Digital collaboration technologies have enabled many businesses to operate during lockdown but few had ever simulated a scenario where everyone worked at home simultaneously. We are seeing limited IT resources being stretched by unprecedented remote working, with little capacity to defend against the unusually high number of cyberattacks that followed.
For M&A, such attacks can prove crippling or existential in the deal lifecycle. The financial impact of a cybersecurity breach is very clear to see when it devalues a company right before deal closing – putting a strain on founders and investors, becoming a costly and time-consuming disaster to mitigate.
While the total financial impact depends on the nature of the business and the timing in the transaction lifecycle, the cost of containing a cyberattack has a multiplier effect when the investment needs of new security protocols is also factored into valuation. You don’t need to be a deal guru to know the most common valuation technique used by investors is a multiple of earnings (EBITDA). So, by way of example, a $10m Cyber financial impact in a 10x multiple deal becomes a $100m impact. In 2016, Yahoo took a $350m impact on their Verizon deal due to a 500 million user data breach.

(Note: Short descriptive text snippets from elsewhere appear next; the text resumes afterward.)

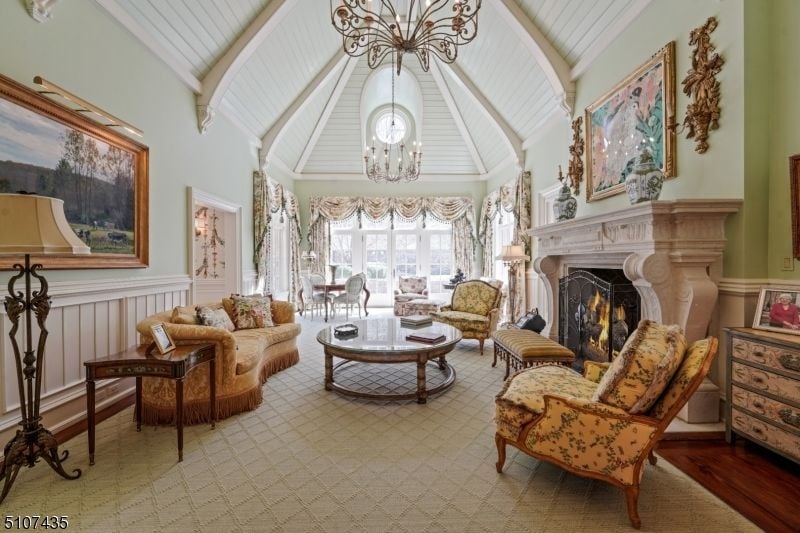 The living space features a fireplace with a cathedral ceiling giving the room a cozy feel.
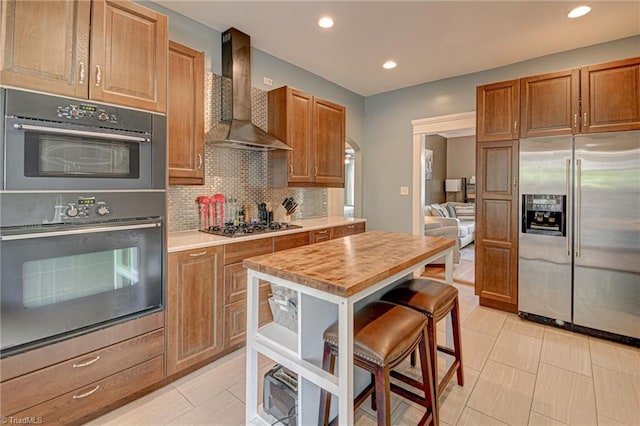 kitchen with stainless steel appliances, wall chimney range hood, tasteful backsplash, recessed lighting, and brown cabinetry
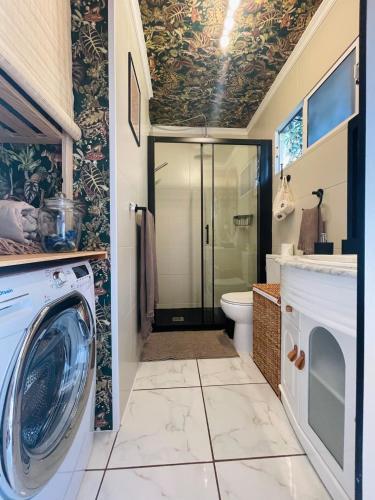 a bathroom with a washing machine and a toilet at Boho style bungalow with ocean view in Mogán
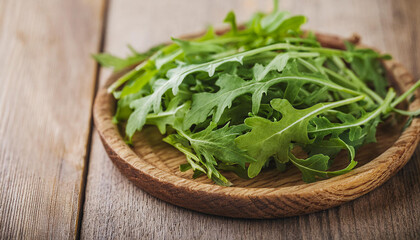 Green arugula on wooden plate. Healthy and natural product. Rucola leaves.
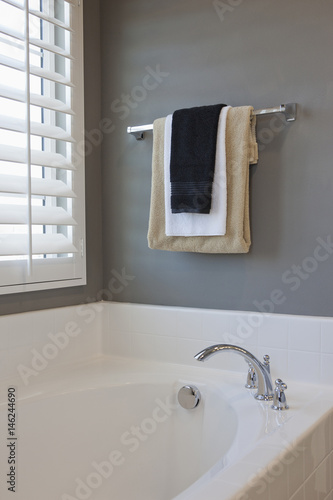 Towel rail and bathtub by window in domestic bathroom photo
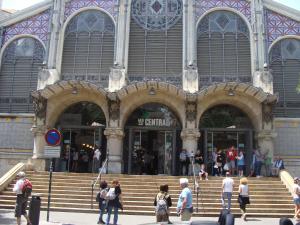 a group of people walking in front of a building at Apartamento Torres in Valencia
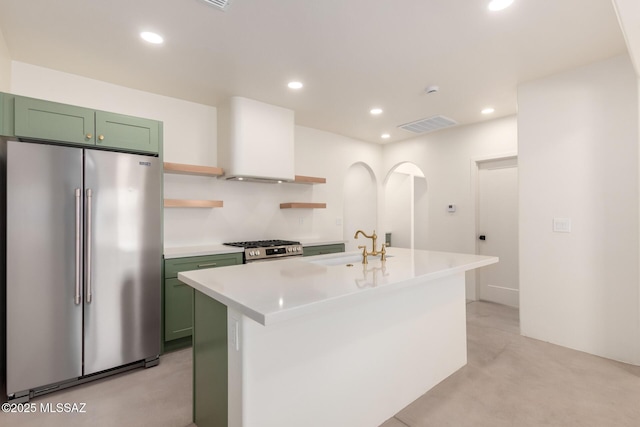 kitchen with green cabinetry, stainless steel appliances, open shelves, and wall chimney exhaust hood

So how can companies and their investors ensure they protect valuation and prepare to defend against sophisticated hackers? The best time to assess cybersecurity is before you buy or invest in a business during pre-deal due diligence – the next best time is now. It’s helpful to start from the premise that your current or future investment has already been compromised and work backward from there. Firstly, consider building a comprehensive cyber incident response plan and technology controls assessment in addition to ensuring employees are aware of the many possible entry points hackers use to access their systems. Best practices include strong cyber governance from the board level down through to technology controls and processes, including incident response, working in tandem with vigilant staff across your supply chain. Ultimately cyber insurance is required to offset steep financial losses when defenses fail.
Tailored cyber incident response plan
It’s critical to have a strong cyber incident response plan and a skilled team ready to execute it. The company needs a specialized team that can quickly determine the prospects for recovery after an attack with rapid access to backup systems, log files and administrator-level permissions.

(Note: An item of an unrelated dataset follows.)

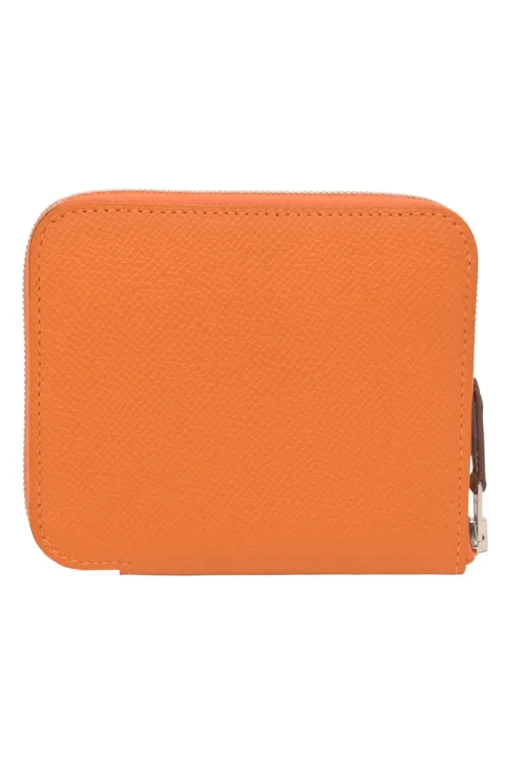 Orange Epsom leather Silk'In change purse featuring Henri d'Origny's 'Mors &amp; Co' printed lining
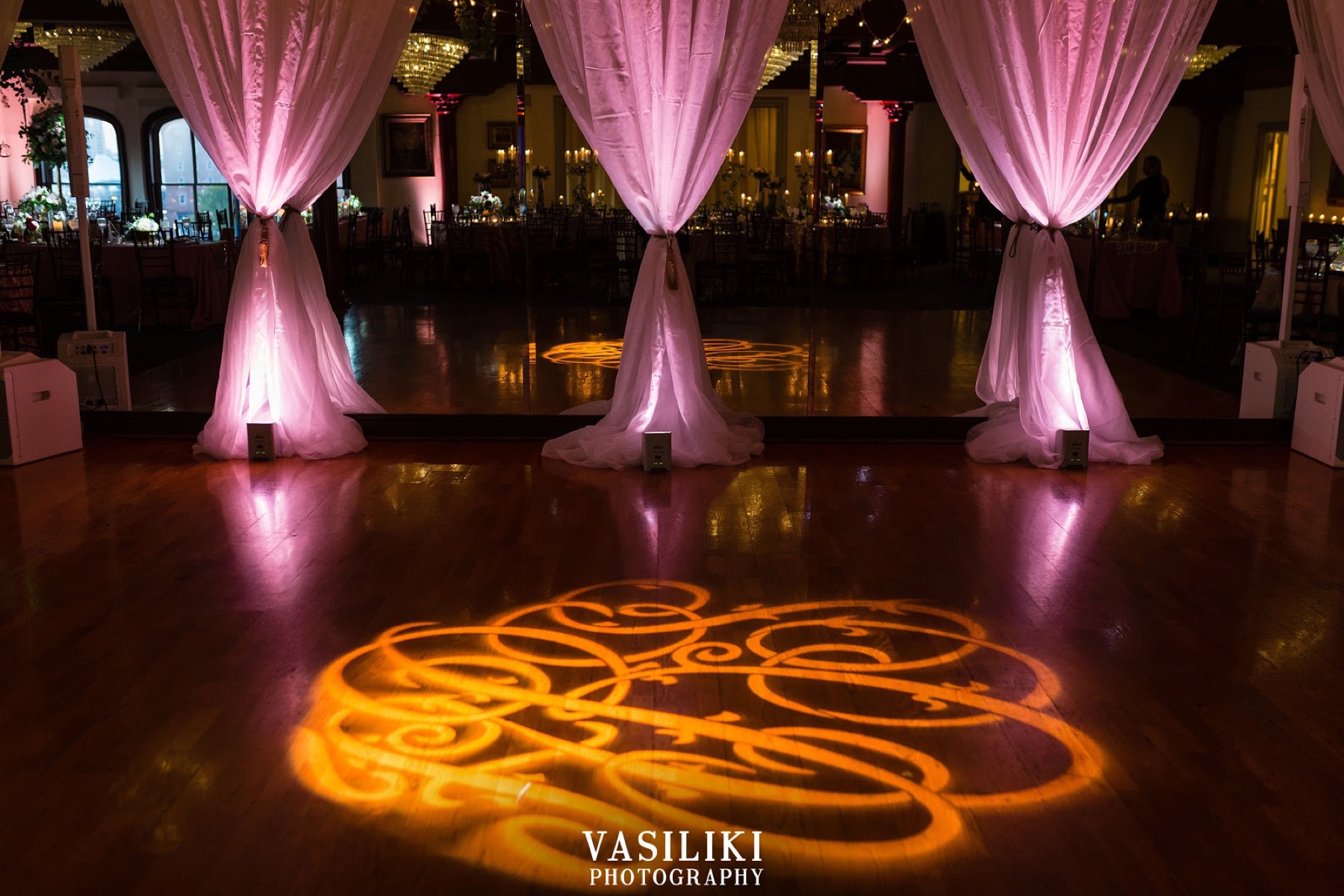A ballroom with draped uplighting and a gold monogram on the floor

The plan should address short-term and long-term strategies. The team must first move to contain the incident, shutting down systems and notifying customers if necessary. The focus in the days and weeks that follow should shift to priorities such as determining the hacker’s exact entry point and whether more security controls are needed. The plan should include an evaluation of overall security of the company and whether there are protocols in place to ensure new vendors and business partners are properly screened.
Strengthen technology prevention
Companies should seek to adopt current advanced technology controls to filter out suspicious emails or thwart malicious software that’s downloaded. Also factoring in external intelligence from deep and dark web sources and proactive threat hunting to guide defenses. Investors and owners should be particularly aware of digital operating models that might offer new entry points to cyber criminals or compromise boundaries with third-party providers.

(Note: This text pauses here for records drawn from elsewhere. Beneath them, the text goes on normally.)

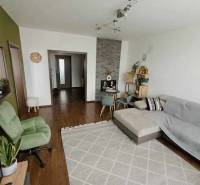 Living room with a brown floor and a gray sofa in a three-room apartment.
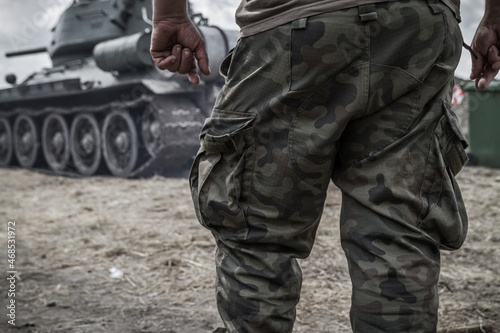 Close-up of soldier's legs on a battlefield, wearing woodland camo military pants (camouflage trousers). With a tank tracked wheels in the background.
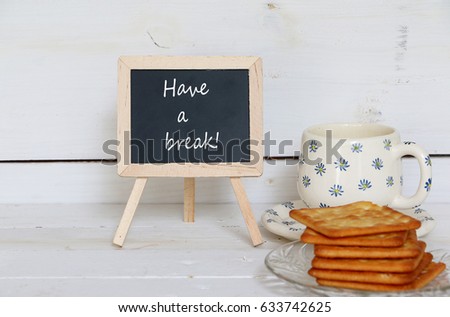 Selective focus, Mini blackboard with text written HAVE A BREAK placed beside coffee cup and crackers, for background and wallpaper
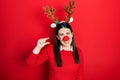 Young hispanic woman wearing deer christmas hat and red nose smiling and confident gesturing with hand doing small size sign with Royalty Free Stock Photo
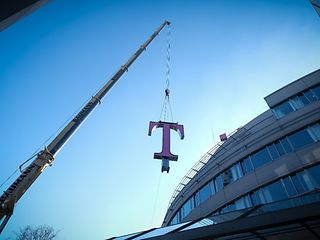 A crane lifts the T with a wight about 1.5 ton onto the roof of the Telekom headquarters.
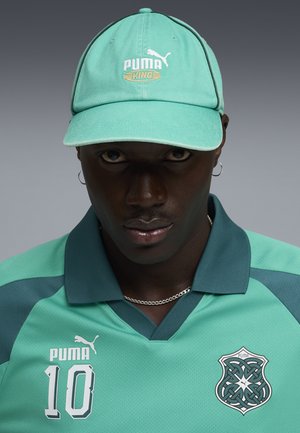 Hombre con gorra turquesa de Puma y camiseta deportiva a juego con el número 10 y el logo de Puma estilo celta, sobre fondo gris.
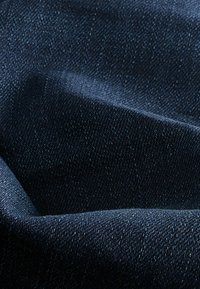 Tăbăcitură din denim indigo întunecat cu o textură netedă, având o țesătură strânsă și un luciu subtil. Suprafața prezintă o culoare și un model uniform.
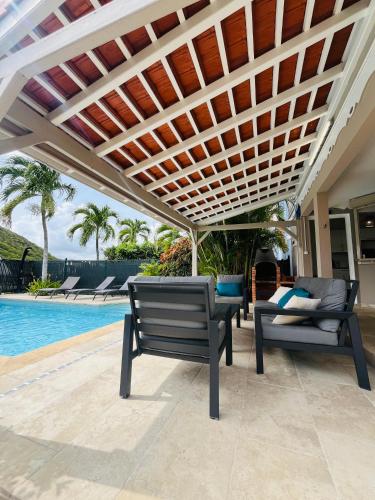 Un patio con dos bancos bajo toldo junto a una piscina. en Villa dO, en Sainte-Anne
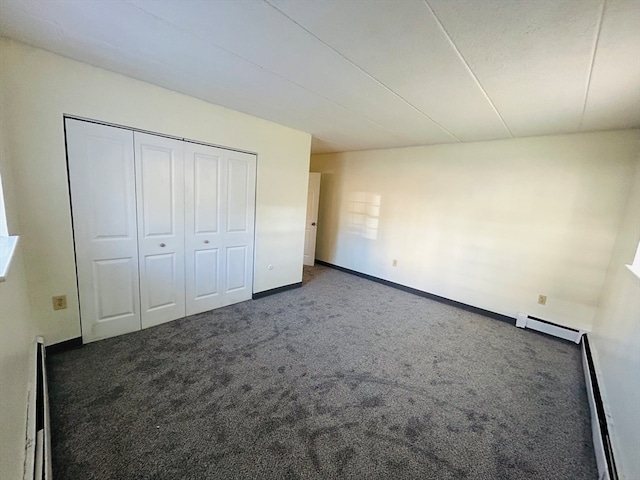 unfurnished bedroom with a closet, baseboard heating, and dark colored carpet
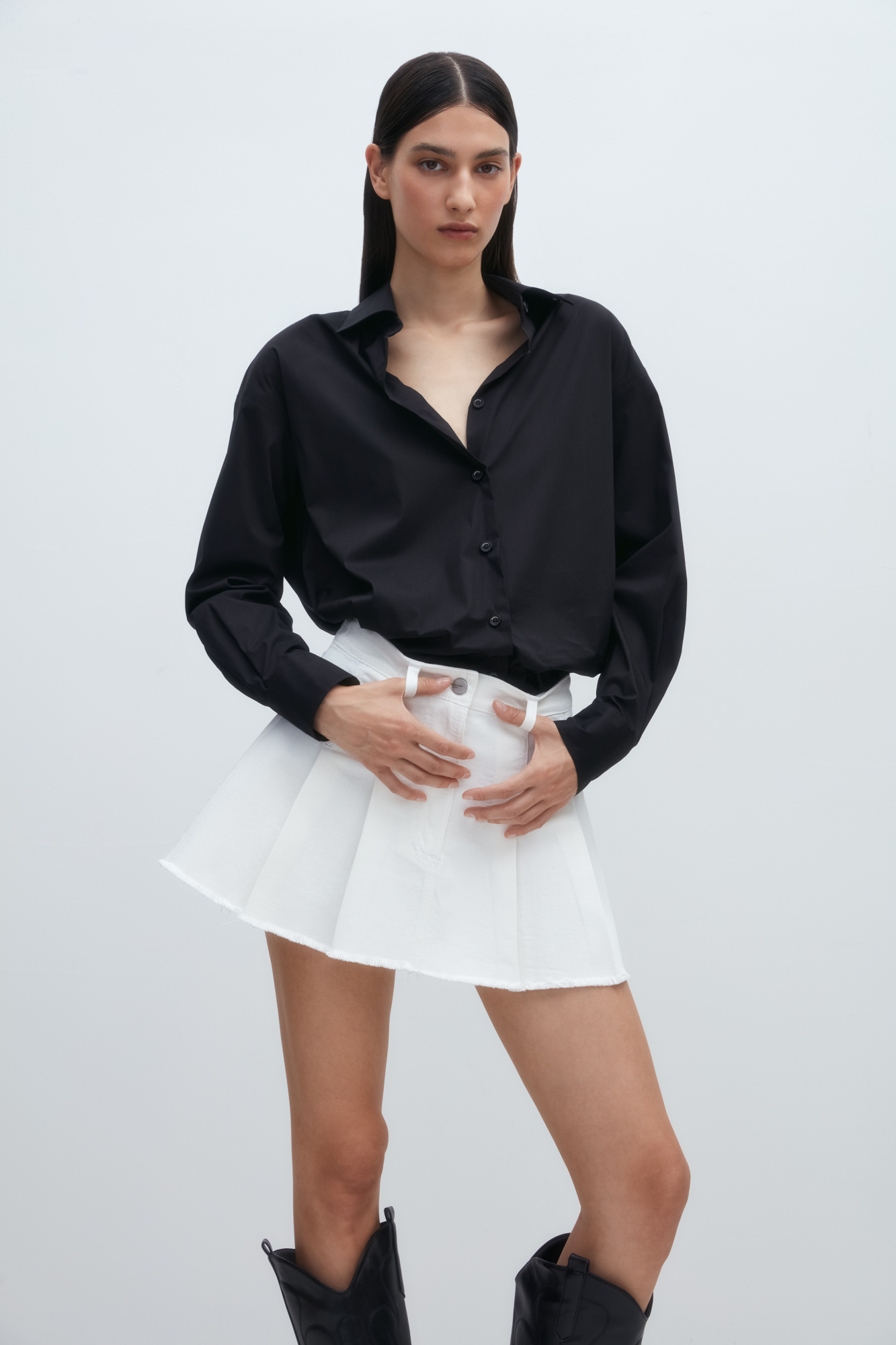 Джинсовая юбка длины мини в складку из хлопка. Потайная застежка на молнию и пуговицу. Шлевки на поясе для ремня.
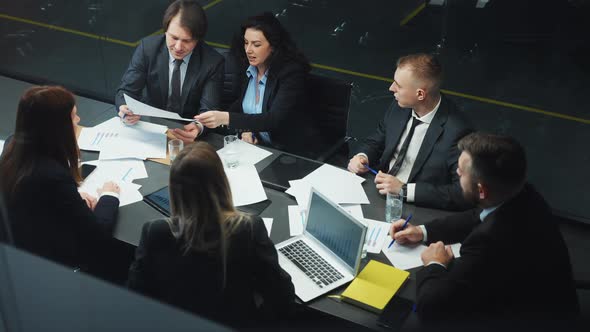 Group of Managers Discussing Progress at Business Meeting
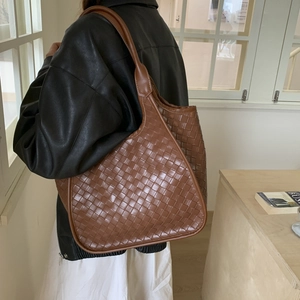 Detail showing the woven leather texture and spacious hobo style of the brown shoulder bag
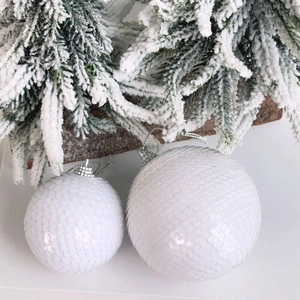 Close-up of white sequin Christmas balls with scales texture and silver hanging loops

Educate employees as a first line of defense
Technology alone can’t fully protect a company from attacks. Employees, partners and suppliers should be educated regularly to spot the security vulnerabilities in their midst, such as malware in e-mails, and understand the ways in which their personal data can be used by hackers.
Staff also should be aware of how working remotely might increase their security risk. Another post-pandemic dynamic that created ideal targets for hackers was the nature of communication among employees working from home. Hackers were able to exploit the lack of social connectivity at companies, as an employee faced with a suspicious-looking e-mailed invoice asking that a supplier be paid can no longer turn to a co-worker in the next office to discuss its legitimacy.
Transfer risk with insurance coverage
Despite a company’s best efforts, hackers can still manage to breach security protocols and wreak maximum havoc. For these cases, an insurance carrier can assume some of the risk to help spare the business from financial ruin. Cyber insurance can offer coverage for specific costs of containing the incident, ransomware that was paid out, as well as certain fees for legal services. It can also be available to cover certain indirect costs arising from disruptions to business, such as revenue loss resulting from a product shipping suspension when the attack prevented orders from being fulfilled.
Cyberattacks can be extremely stressful for an investor, executive and entrepreneur who has worked to build a company over years or even decades, often in anticipation of a capital injection or lucrative exit. They are forced to surrender control of their brand to a team of lawyers, IT specialists, and cyber consultants, with no assurances their company will emerge intact. No company is immune to the threats posed by hackers, particularly with the new state of vulnerability created by the pandemic. By accepting your business will be cyber-attacked, any investor or business owner can leverage techniques in this article to fight back and ensure they are paving the way for their brand to thrive for many years to come leading to secured or enhanced deal valuations.